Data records
- - -
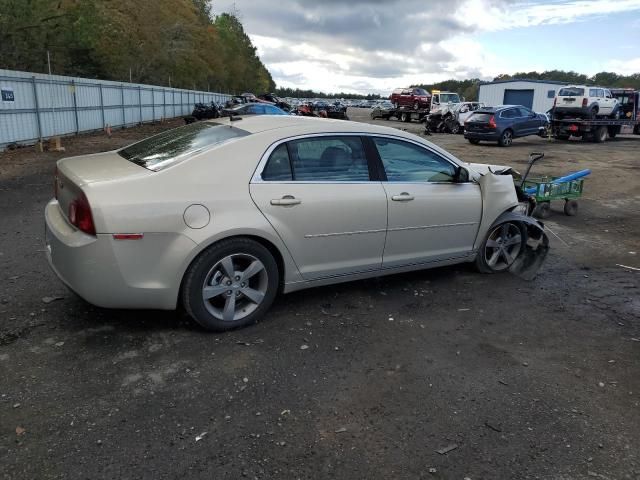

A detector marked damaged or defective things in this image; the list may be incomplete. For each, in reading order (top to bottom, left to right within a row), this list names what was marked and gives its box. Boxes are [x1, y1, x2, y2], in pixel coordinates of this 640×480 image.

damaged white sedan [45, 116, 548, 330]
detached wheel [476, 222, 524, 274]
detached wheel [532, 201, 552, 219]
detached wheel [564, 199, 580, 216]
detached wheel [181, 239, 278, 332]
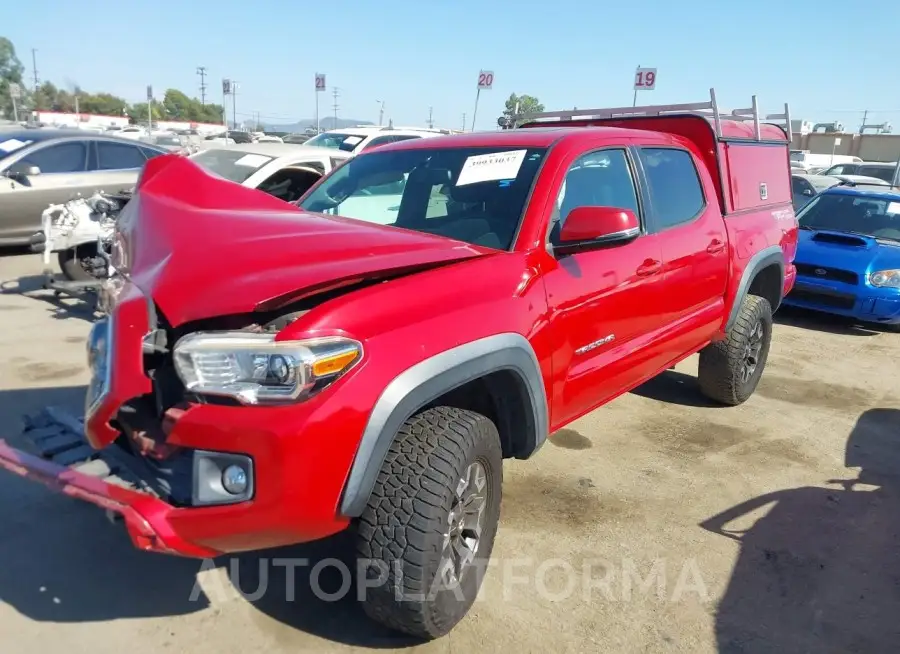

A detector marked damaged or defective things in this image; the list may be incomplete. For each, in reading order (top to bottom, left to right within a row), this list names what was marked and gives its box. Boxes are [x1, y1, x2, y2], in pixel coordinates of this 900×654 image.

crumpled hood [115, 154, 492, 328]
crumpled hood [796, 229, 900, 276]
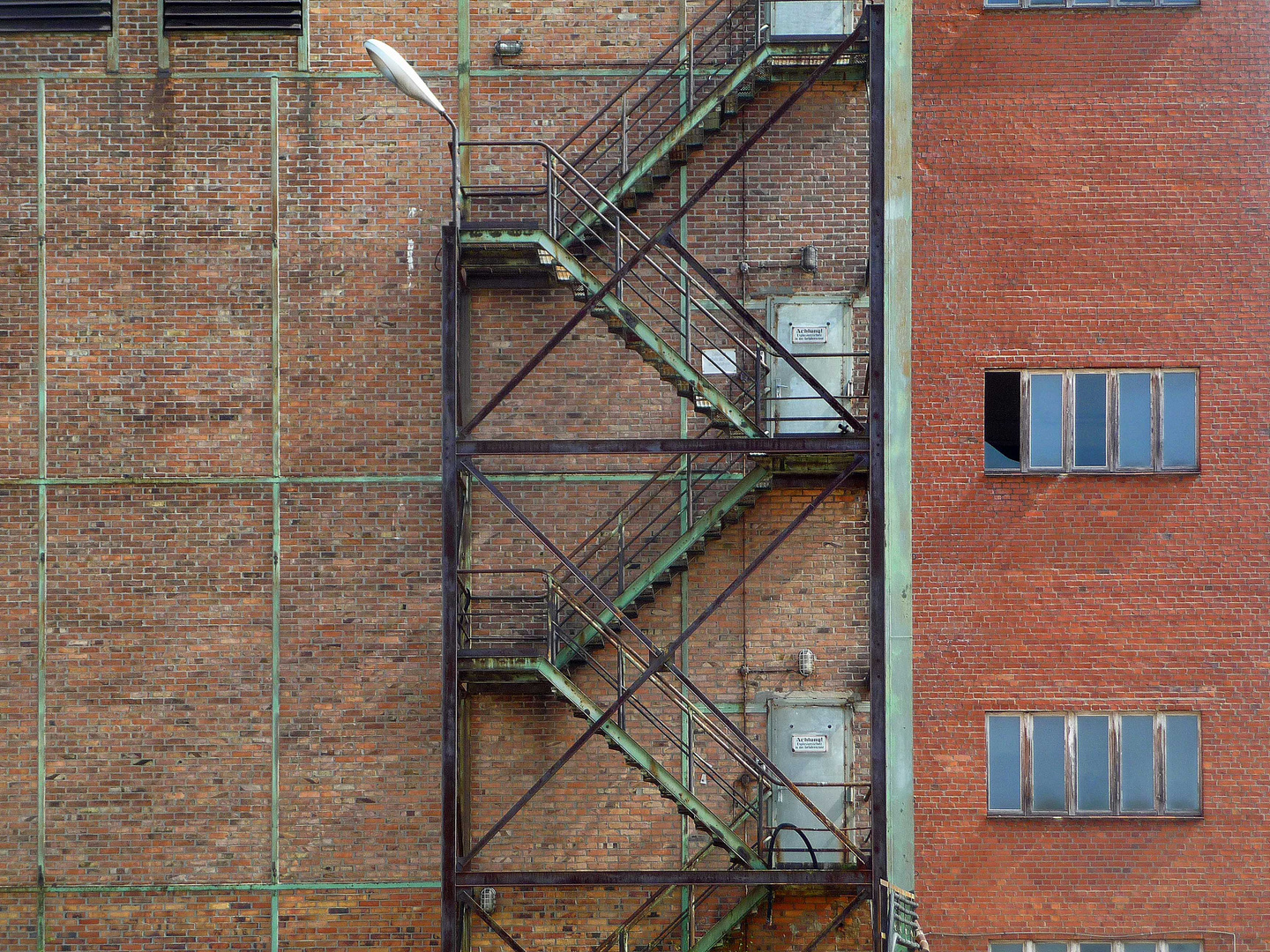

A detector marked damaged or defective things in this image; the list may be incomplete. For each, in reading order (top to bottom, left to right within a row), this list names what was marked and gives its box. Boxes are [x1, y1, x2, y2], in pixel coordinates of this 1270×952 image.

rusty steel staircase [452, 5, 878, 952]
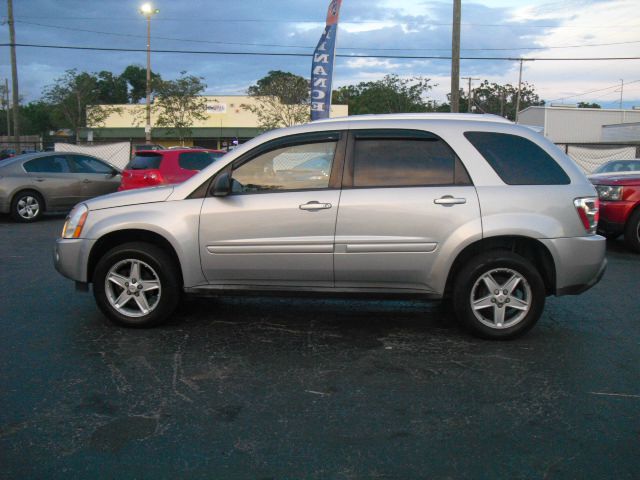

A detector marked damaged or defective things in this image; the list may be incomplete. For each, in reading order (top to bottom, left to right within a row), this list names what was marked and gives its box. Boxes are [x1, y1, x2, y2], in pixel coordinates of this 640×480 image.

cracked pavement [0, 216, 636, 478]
- - -
*PROBLEM DETAILS*
Print exactly the lines between the line containing "this 1270×952 image." and the last line of the entries above, including both, and nothing besides; skip the pictures.

*EXERCISE ANSWER*
A detector marked damaged or defective things in this image; the list may be incomplete. For each, in reading order (top to bottom, left to right within a row), this list names what was marked and gives its box. Boxes are [x1, y1, x2, y2], in pixel coordinates of this 1270×952 image.

rusty steel staircase [452, 5, 878, 952]

A detector marked damaged or defective things in this image; the list may be incomplete. For each, in reading order (top to bottom, left to right within a row), this list names what was marked and gives its box. Boxes are [x1, y1, x2, y2], in pixel coordinates of this 640×480 image.

cracked pavement [0, 216, 636, 478]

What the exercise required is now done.